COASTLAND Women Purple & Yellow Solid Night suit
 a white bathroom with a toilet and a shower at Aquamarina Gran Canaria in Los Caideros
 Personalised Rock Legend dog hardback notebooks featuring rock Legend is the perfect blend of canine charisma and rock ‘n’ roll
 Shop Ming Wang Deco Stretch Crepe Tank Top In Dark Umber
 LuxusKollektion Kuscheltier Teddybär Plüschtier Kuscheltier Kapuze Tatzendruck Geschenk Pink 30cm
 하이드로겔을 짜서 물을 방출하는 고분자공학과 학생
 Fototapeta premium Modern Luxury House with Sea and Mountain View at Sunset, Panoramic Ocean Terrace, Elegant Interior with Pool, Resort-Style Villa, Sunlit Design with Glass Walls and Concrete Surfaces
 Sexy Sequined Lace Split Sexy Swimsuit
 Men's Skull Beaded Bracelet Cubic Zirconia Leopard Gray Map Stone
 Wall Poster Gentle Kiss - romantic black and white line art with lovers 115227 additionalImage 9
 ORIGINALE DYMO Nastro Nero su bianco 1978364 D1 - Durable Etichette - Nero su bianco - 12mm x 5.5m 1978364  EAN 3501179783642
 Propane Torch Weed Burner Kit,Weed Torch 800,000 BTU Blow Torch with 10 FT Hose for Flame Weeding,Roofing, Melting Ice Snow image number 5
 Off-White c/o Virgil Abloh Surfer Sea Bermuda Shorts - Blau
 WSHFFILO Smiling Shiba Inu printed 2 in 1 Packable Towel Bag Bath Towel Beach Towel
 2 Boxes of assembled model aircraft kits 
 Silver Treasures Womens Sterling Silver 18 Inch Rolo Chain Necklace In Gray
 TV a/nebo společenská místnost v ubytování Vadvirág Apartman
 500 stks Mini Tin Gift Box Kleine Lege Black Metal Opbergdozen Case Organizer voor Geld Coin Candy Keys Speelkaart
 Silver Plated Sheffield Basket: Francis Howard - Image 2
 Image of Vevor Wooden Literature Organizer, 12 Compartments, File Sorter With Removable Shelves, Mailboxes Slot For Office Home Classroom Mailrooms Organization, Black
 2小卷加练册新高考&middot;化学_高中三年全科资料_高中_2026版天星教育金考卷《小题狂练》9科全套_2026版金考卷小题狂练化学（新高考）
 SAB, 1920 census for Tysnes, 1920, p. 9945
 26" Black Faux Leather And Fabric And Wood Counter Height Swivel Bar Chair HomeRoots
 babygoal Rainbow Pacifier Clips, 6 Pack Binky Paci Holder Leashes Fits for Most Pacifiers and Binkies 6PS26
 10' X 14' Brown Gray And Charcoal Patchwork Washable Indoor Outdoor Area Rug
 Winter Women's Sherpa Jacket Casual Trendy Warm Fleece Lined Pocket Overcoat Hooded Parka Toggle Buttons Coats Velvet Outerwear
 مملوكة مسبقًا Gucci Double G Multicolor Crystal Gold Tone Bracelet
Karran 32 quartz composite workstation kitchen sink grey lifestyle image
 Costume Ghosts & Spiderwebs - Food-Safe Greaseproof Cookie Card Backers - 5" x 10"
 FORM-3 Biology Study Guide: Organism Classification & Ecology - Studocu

* _WHAT YOU NEED TO DO_: Copy out, word for word, only the lines from the one with "SAB, 1920 census for Tysnes, 1920, p. 9945" through the last line of the material above.

* _YOUR SOLUTION_:
 SAB, 1920 census for Tysnes, 1920, p. 9945
 26" Black Faux Leather And Fabric And Wood Counter Height Swivel Bar Chair HomeRoots
 babygoal Rainbow Pacifier Clips, 6 Pack Binky Paci Holder Leashes Fits for Most Pacifiers and Binkies 6PS26
 10' X 14' Brown Gray And Charcoal Patchwork Washable Indoor Outdoor Area Rug
 Winter Women's Sherpa Jacket Casual Trendy Warm Fleece Lined Pocket Overcoat Hooded Parka Toggle Buttons Coats Velvet Outerwear
 مملوكة مسبقًا Gucci Double G Multicolor Crystal Gold Tone Bracelet
Karran 32 quartz composite workstation kitchen sink grey lifestyle image
 Costume Ghosts & Spiderwebs - Food-Safe Greaseproof Cookie Card Backers - 5" x 10"
 FORM-3 Biology Study Guide: Organism Classification & Ecology - Studocu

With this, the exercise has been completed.